Tuesday, March 17, 2009

Road Name Changes. Moving On.


I was driving down Rick Turner, about to turn into, what's Nicholson called now? When I saw it, some trickster had put up a piece of white paper over the road sign. They hadn't blacked it out, they hadn't totally covered it, it was not a protest, it was a celebration. Over "Turner" they had put "Is my Hero". Reading "Rick is my hero" was instantly funny, a little pop culture thing, a homage to some boyfriend, maybe.

I was in the city when I showed the photograph to somebody. Ha, Ha, I thought, share it for a laugh. This elder said to me, "Good, Rick Turner was an activist, he was a Hero, it's good that people recognise that.". He looks at me, "You don't know who Rick Turner is. Do your reading.". I thought to myself then in a flood of different thoughts. Firstly, city officials who make changes without the proper consultation process are easy targets, idiots really, but what is the outcome, is it really so bad? 
We have a hidden history, blame it on the schools then and the dumbing down of schools now, but I bet you Rick Turner is not taught in schools. We are being told our history, unknown, unimportant to those not directly involved. Our daily symbols are being subverted and not altogether in a bad way. Those petty-minded countrywide City Officials must have known this shift in thinking would happen. History forced on us, on one level, How Rude! On another, Thank you.

Let me tell you what I have found by doing my reading.

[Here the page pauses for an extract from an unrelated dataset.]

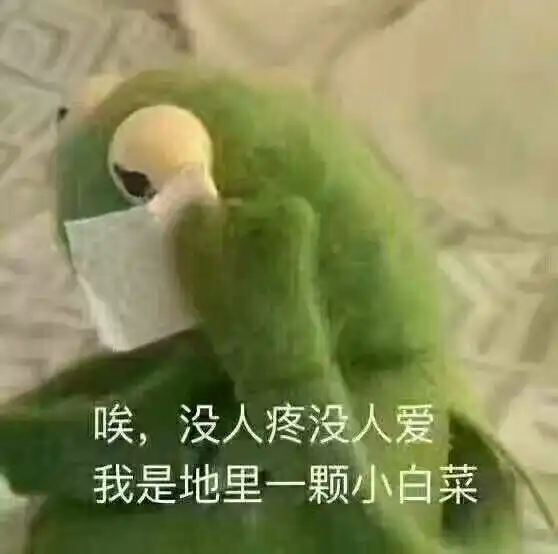  找找找一个双排小伙伴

I will lazily quote the wiki, to show you how easy it is to find this stuff.
"Richard Turner (born 1942 in Stellenbosch), known as Rick Turner, was a South African philosopher who was allegedly assassinated by the apartheid state in 1978. Nelson Mandela described Turner "as a source of inspiration" Turner graduated from the University of Cape Town in 1963 attaining a B.A. Honours. He continued his studies at the Sorbonne in Paris where he received a doctorate for a dissertation on the French intellectual, Jean-Paul Sartre. He returned to South Africa in 1966 and went farming on his mother's farm in Stellenbosch for two years before lecturing at the universities of Cape Town, Stellenbosch and Rhodes. He came to Natal in 1970 and become a senior lecturer in political science at the University of Natal and in that same year he met Steve Biko and the two formed a close relationship. 

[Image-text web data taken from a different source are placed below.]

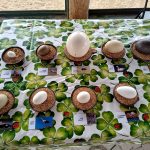 Hledání vajíček i tygří mláďata. Zoo na Českobudějovicku zvou na velikonoční program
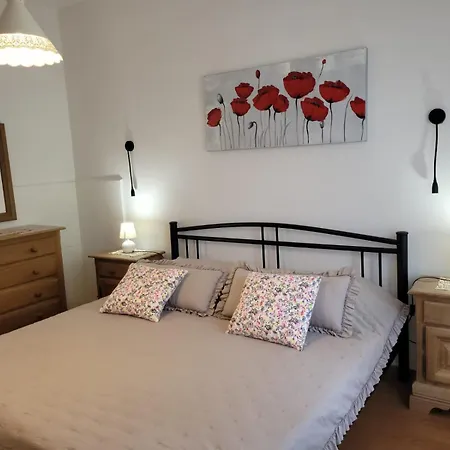 Tara Apartment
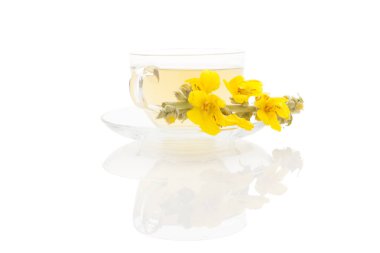 Verbascum, ortak sığırkuyruğu çay.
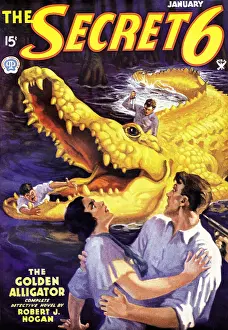Monster Prints: The Golden Alligator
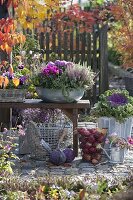 Metal bowl with Calluna Garden Girls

In 1972 Turner wrote a book called The Eye of the Needle - Towards Participatory Democracy In South Africa. The South African authorities thought that the book exercised a strong influence on opposition thinking with its plea for a radically democratic and non-racial South Africa. Such a society, he argued, would liberate whites as well as blacks. In the same year he was banned for five years. He was not allowed to visit his two daughters or his mother and had to stay in the Durban area. Even though he was banned this did not stop him from speaking out and in April 1973 Dr Turner and other banned individuals staged an Easter fast to illustrate the sufferings that bannings impose on people. The fast was supported by the Pope and the Archbishop of Canterbury. After his bannings, Dr Turner was kept on the staff at the University even though he was not allowed to lecture.

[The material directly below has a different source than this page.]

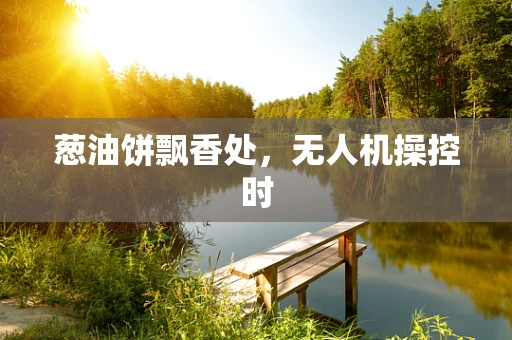 葱油饼飘香处，无人机操控时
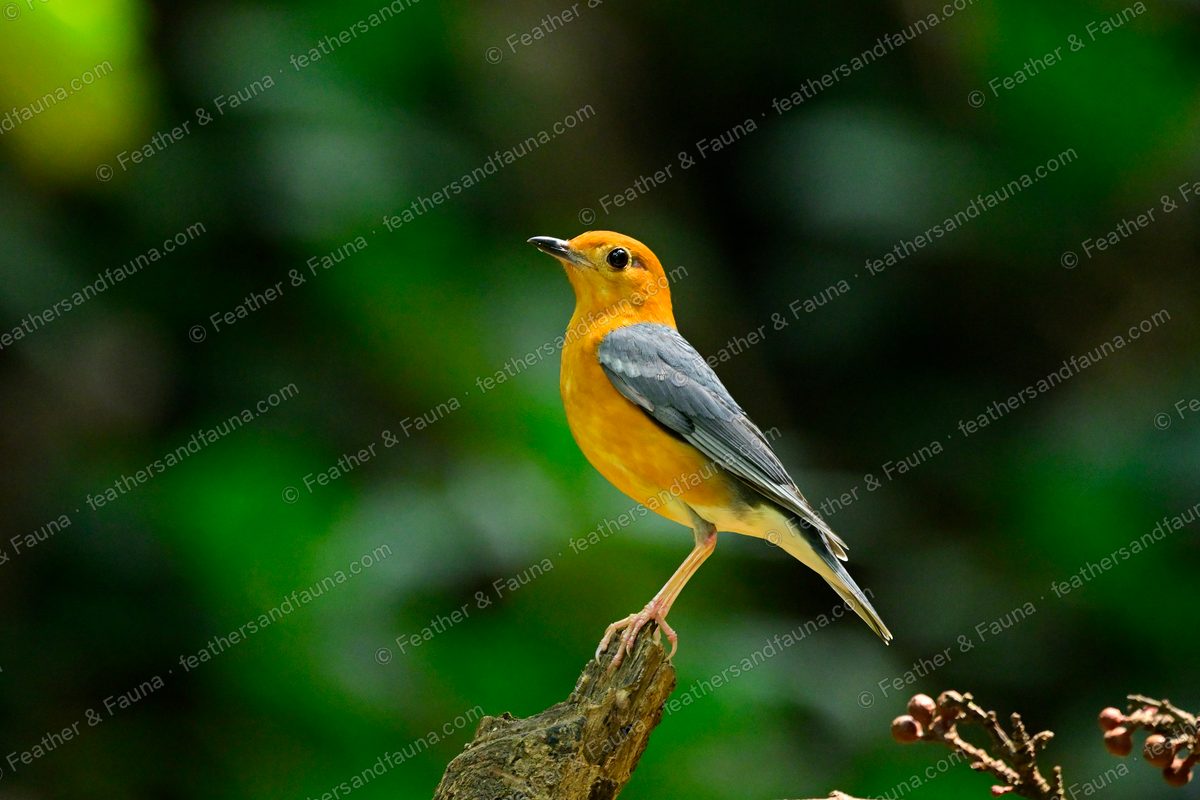 Orange-headed Thrush with an orange head and grey wings on a broken stump.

On January 8, 1978, Turner was shot through a window of his home in Dalton Avenue, Bellair, and died in the arms of his 13-year old daughter, Jann. After months of investigations and predictably so, police investigations turned up with no clues, and his killers were never identified. However it is widely believed that he was murdered by the apartheid security police.
Turner has been largely left out of the pantheon of post-apartheid heroes. Most of his former comrades ascribe this to his focus on popular self-management and bottom up democracy which is very uncomfortable for the post-apartheid state which is notoriously authoritarian (mixing neo-liberal managerialism with Stalinism in its practices)."

One click on a web search, that's how easy it was. You see it's not the actual names that are the problem, it's the manner in which it has been done. Mixing neo-liberal managerialism with Stalinism in it's practices. Me, I don't mind, the new names, they're good names. I just want to know who they are before they're imposed on me. I want to have a say. I agree with Rick Turner. After all, it seems, Rick is My Hero.